Review of epidemiological data for onychomycosis caused by Aspergillus spp.
June 04 2018
Fungal infections of the nail apparatus (onychomycosis) are common, accounting for about 50% of all nail disorders and an estimated global burden of ~300 million cases. Dermatophytic moulds of the genera Trichophyton, Epidermophyton and Microsporum are the aetiologic agents in over 75% of cases. Yeasts and nondermatophyte (saprophytic) moulds (NDM) such as Aspergillus spp., Scopulariopsis spp., Alternaria spp., Acremonium spp. and Fusarium spp. have been previously reported to be responsible for approximately 2-25% of all the causes of onychomycoses
Aspergillus spp. are emerging causative agents of NDM onychomycosis. A recent critical review by Dr Felix Bongomin and colleagues extracted data from 42 epidemiological studies and showed that onychomycosis due to Aspergillus spp. varies between <1 and 35% of all cases of onychomycosis in the general population, and even higher among diabetic populations (up to 71%) and the elderly. However, >70% of patients with Aspergillus onychomycosis did not have identifiable risk factors and it is very uncommon among children and adolescence. Aspergillus spp. constitute 7.7–100% of the proportion of NDM onychomycosis, with the toenails being involved 25 times more frequently than fingernails.
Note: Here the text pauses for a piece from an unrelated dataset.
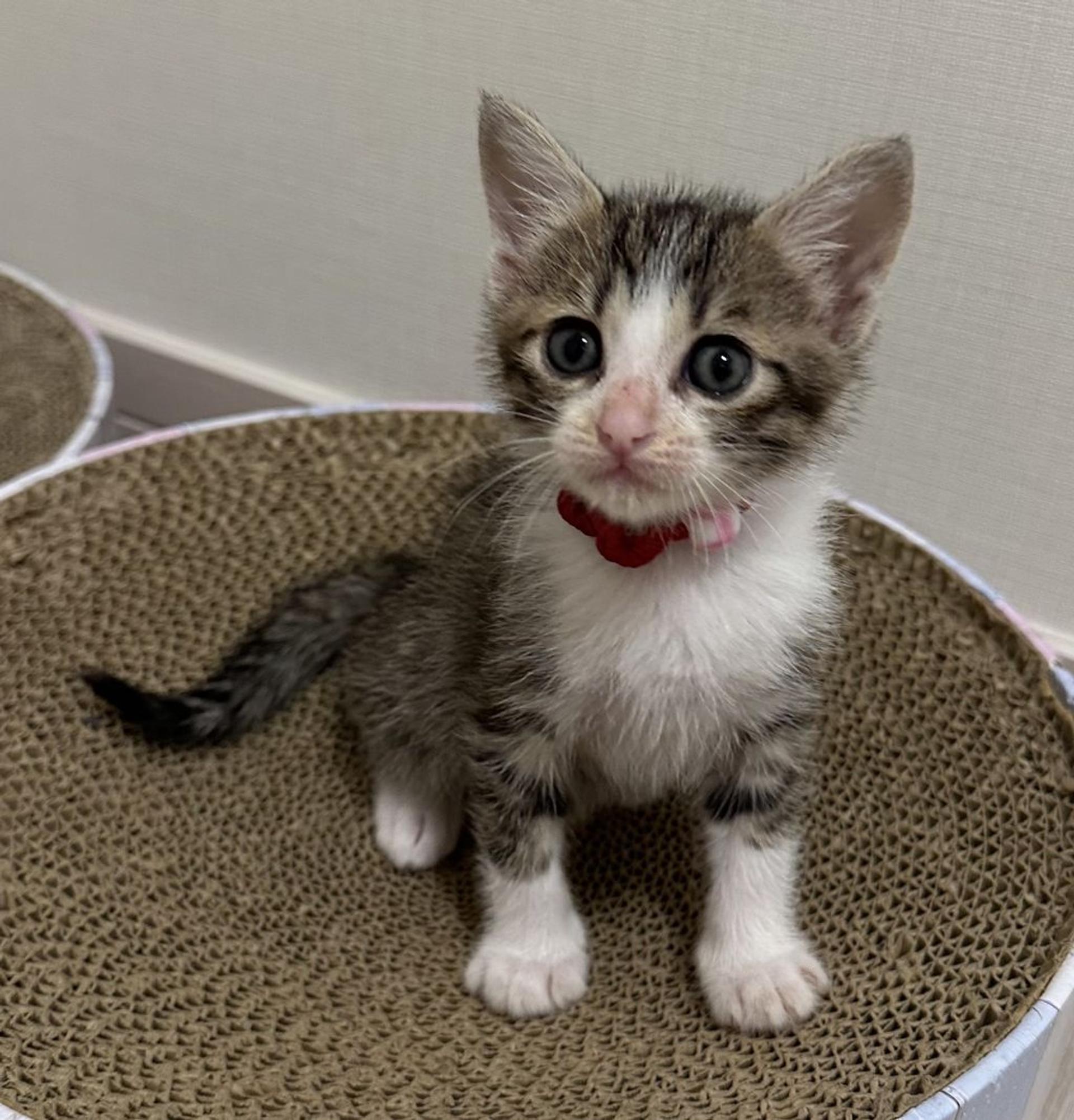 pet-image-4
Distal-lateral subungual onychomycosis is the most common clinical presentation caused by Aspergillus spp., with A. niger and A. fumigatus being the commonest species. Aspergillus spp. never affects the skin surrounding the nail (unlike dermatophytes).
A positive direct microscopy, and repeated culture or molecular detection of Aspergillus spp. is sufficient to diagnose Aspergillus onychomycosis, provided no dermatophyte was isolated. Systemic antifungal treatment with either terbinafine or itraconazole is adequate, usually with good clinical response. However, toenail discolouration may persist even after mycological cure.